Hi, please I need help.
I have been pushing docker images in github packages and reading them from my kubernetes cluster for a couple months now and all was good.
However since 24 hours ago (starting about Thursday 10 december 2020) the cluster would pull images from github packages with random success. It pulls images successfully like 70% of the time but the remaining times it fails like this:
[Pulling] Pulling image "docker.pkg.github.com/account/my/image:latest" [Failed] Failed to pull image "docker.pkg.github.com/account/my/image:latest": rpc error: code = Unknown desc = Error response from daemon: Get https://docker.pkg.github.com/v2/docker.pkg.github.com/account/my/image/manifests/latest: EOF [Failed] Error: ErrImagePull [Pulled] Container image "jenkins/inbound-agent:4.3-4" already present on machine [Created] Created container jnlp [Started] Started container jnlp [Failed] Error: ImagePullBackOff [BackOff] Back-off pulling image "docker.pkg.github.com/account/my/image:latest" [Failed] Error: ImagePullBackOff ERROR: Unable to pull Docker image "docker.pkg.github.com/account/my/image:latest". Check if image tag name is spelled correctly. [Pipeline] // node [BackOff] Back-off pulling image "docker.pkg.github.com/account/my/image:latest"

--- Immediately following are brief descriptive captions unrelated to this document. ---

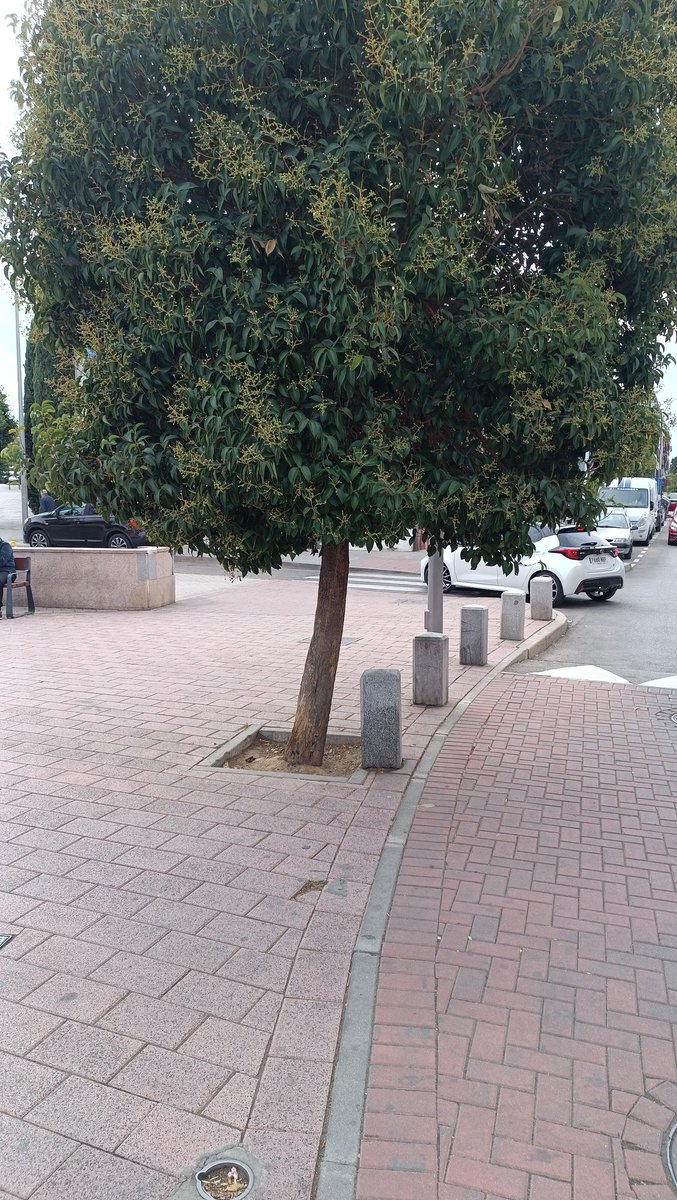 alfruiz5's tweet photo. @Lineamadrid Hola, c/ sierra del torcal frente al n 13, ligustrum con las ramas muy bajas en paso de peatones https://t.co/jqMfdOG17L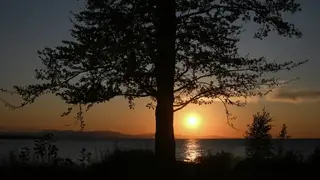 Закон о сплошных рубках на Байкале вступил в силу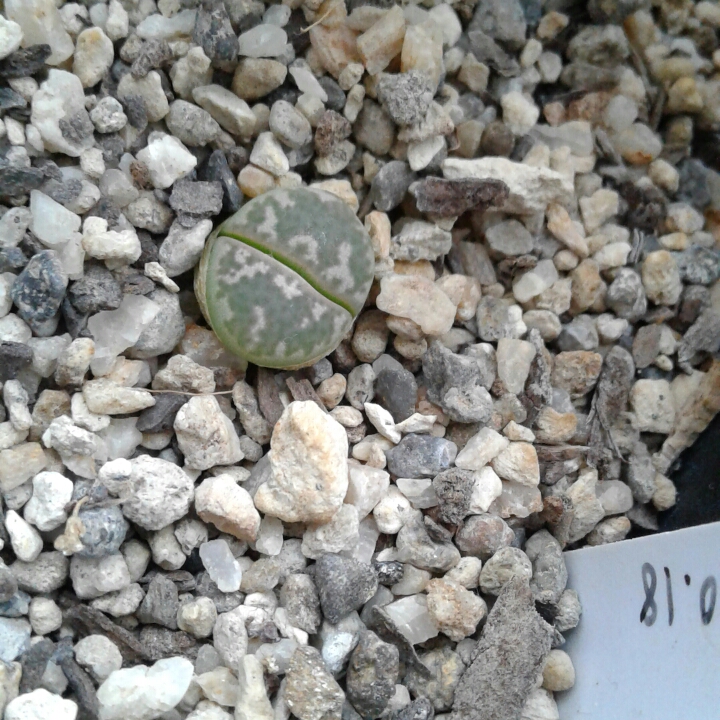 plant image 1198450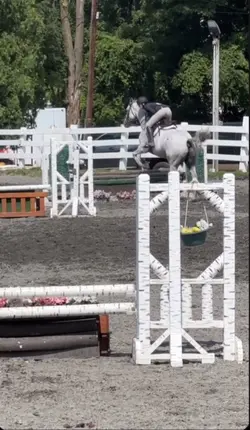 Reserve Champion!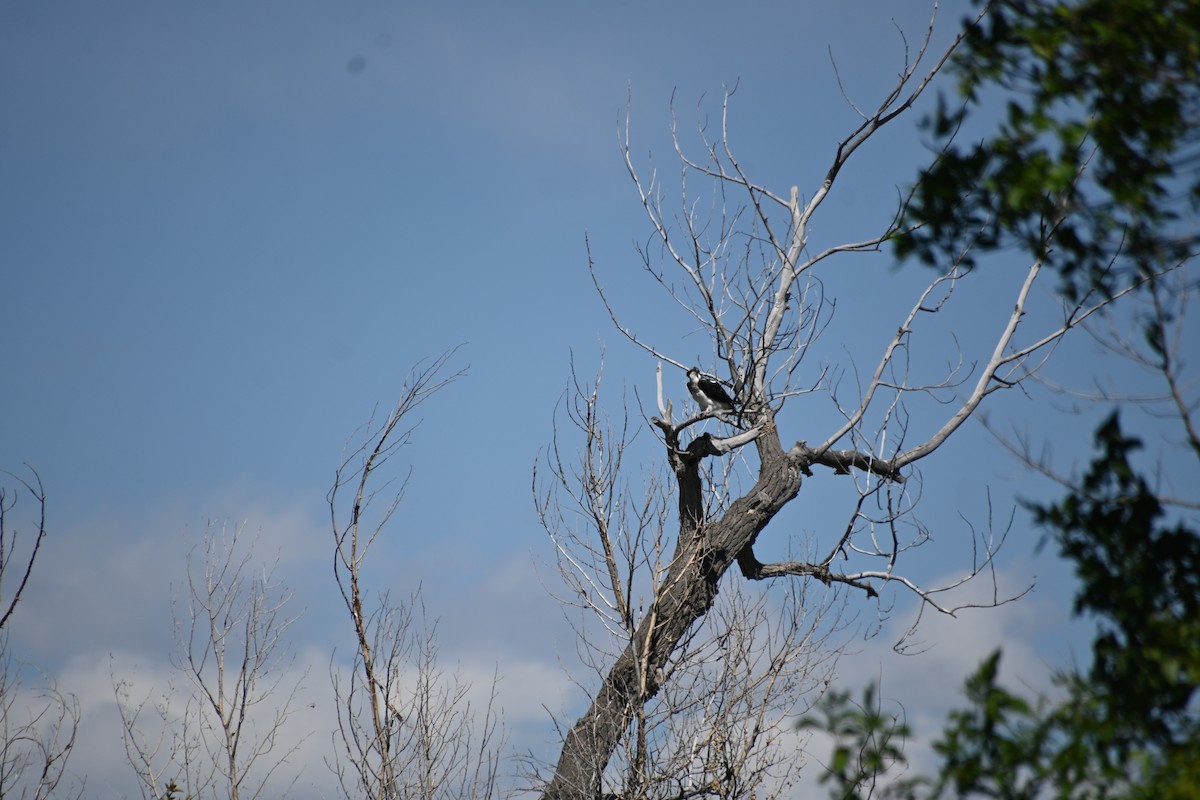 Osprey - Ian Baird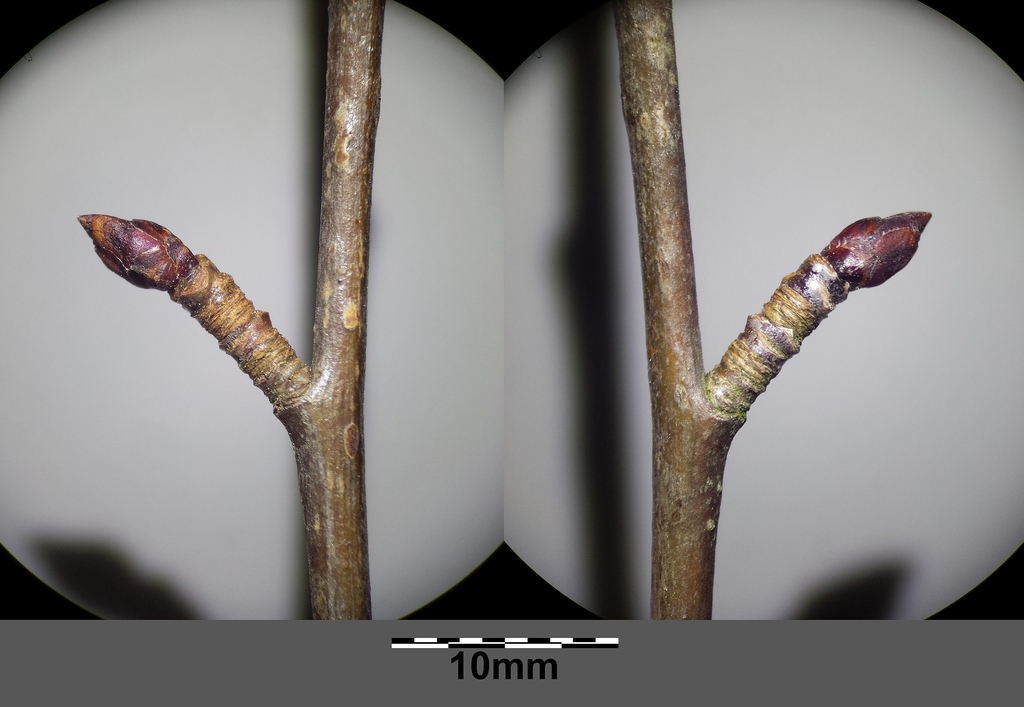 Stem buds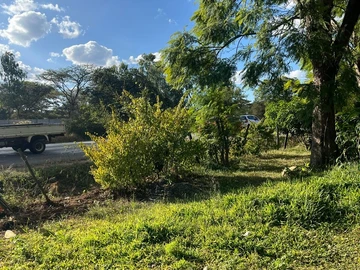 Farm & Agricultural Land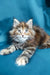 Fluffy Maine Coon kitten with bright eyes lounging on a blue surface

But then I run again the same job and it gets the image just fine.
I checked the kubernetes nodes in case one node in the cluster was failing but I noticed the job can fail in one node then succeed a couple minutes later in the same node one run after the previous one.
I rotated the nodes for new ones just in case there would be some misconfiguration but the result was the same.
Notice the image exists in the nodes so docker just needs to check if there is a new version available. It doesn’t really need to pull new images… but it still fails.
Also notice in the lines above it does checks the image jenkins/inbound-agent:4.3-4 in the docker hub and that step runs successfully so I don’t think its the docker agent. Also while restarting, all the nodes did setup images imported from the docker hub and all was good. So docker hub runs fine.
Then the only conclusion I have is there is something wrong with github packages. No way something working just fine starts failing with the errors above from nowhere. Then it fails one second and the next it succeeds. Also all push and pulls commands to and from docker hub are ok, why the problem appears with github packages only?
So please tell me how can we debug this. Github Status page says github packages works just fine but all this sudden problems are causing us (me) a lot of problems.